Sorry for the confusion; I should really put some work into setting up banners or so some such on this site with upcoming stuff; there is an events plugin which is supposed to pick up timestamped events in posts and add them to a calendar buuuut…
bugs.
So I was trying to take notes in the background in a post as we talked but it was hard to keep it up as we had a pretty wide-ranging talk. Rather than kvetch I’ll just dump it in another topic here as-is, with the understanding that any of @cbowern , @lgessler , or @fauxneticien might want to edit it. I can say right now that some of these notes will be hard to interpret, but at least you can get a vague feeling for what we were talking about.

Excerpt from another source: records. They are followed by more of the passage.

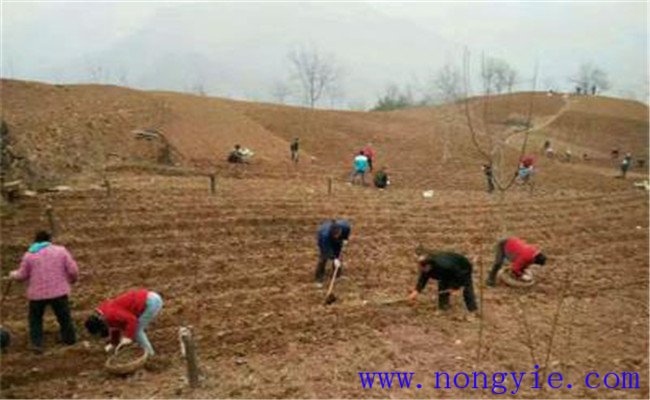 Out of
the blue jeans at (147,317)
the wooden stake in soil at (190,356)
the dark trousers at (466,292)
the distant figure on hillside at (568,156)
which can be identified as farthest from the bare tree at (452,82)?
the wooden stake in soil at (190,356)


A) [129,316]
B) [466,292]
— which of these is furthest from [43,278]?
[466,292]

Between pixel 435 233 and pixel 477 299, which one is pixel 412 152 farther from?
pixel 477 299

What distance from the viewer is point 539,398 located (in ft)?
22.4

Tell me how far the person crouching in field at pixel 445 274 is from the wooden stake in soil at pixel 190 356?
332cm

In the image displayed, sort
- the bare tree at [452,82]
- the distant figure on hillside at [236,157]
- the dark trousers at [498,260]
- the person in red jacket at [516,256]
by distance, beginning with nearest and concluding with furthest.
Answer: the person in red jacket at [516,256] → the dark trousers at [498,260] → the bare tree at [452,82] → the distant figure on hillside at [236,157]

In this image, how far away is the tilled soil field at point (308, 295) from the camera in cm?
721

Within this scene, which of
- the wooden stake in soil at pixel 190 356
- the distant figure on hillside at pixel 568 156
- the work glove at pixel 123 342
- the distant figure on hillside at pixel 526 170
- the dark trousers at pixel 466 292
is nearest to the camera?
the wooden stake in soil at pixel 190 356

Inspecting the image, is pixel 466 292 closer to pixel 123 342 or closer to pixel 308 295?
pixel 308 295

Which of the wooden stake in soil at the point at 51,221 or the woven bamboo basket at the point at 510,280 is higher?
the wooden stake in soil at the point at 51,221

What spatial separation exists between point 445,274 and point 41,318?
5.30m

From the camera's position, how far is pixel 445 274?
902 centimetres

I did make this a wiki post so you can edit this text directly if you like.
There did seem to be interest in a recurring meeting of this sort, or perhaps even an LSA panel.
Why are people willing to go through complicated workflows in order to use FLex? (@cbowern)
- coding is scary
- a GUI is more comfortable
- SIL’s influence on linguistic practices — Toolbox, FLEx, bible material content, even what is available for NLP and machine learning are done on what comes out of SIL work.
- Is this a historical development simply because missionaries were interested in linguistics for the purposes of conversion, or were linguists
- Standardization is useful, and what comes out of FLEx is semi-standard
- Toolbox was the only tool that was popular for so long
- The environment
- If you’re an SIL affiliate you kind of have to use FLEx stuff
- the right way to handle this is to decouple morphology from the core system
- not possible to create a default morphological parser
- the FLEX parser is limited
- vowel harmony, underspecification, doesn’t work well with tone languages, allotony
@claire
- re decoupling - ELAN, for fieldwork data is great
- but legacy data is another story: different data types
- what do we do with all the old stuff?
- toolbox was nice with Toolbox - you could do transcription in ELAN, and then parse in Toolbox
@claire
- digital humanities tools are great if you want to
- if you want to incorporate parsers and so forth
- Ticha - workflows?
- Bardi - normalization of legacy materials was a big part of the project. Originals were all texts
The One App to Rule them All (@fauxneticien)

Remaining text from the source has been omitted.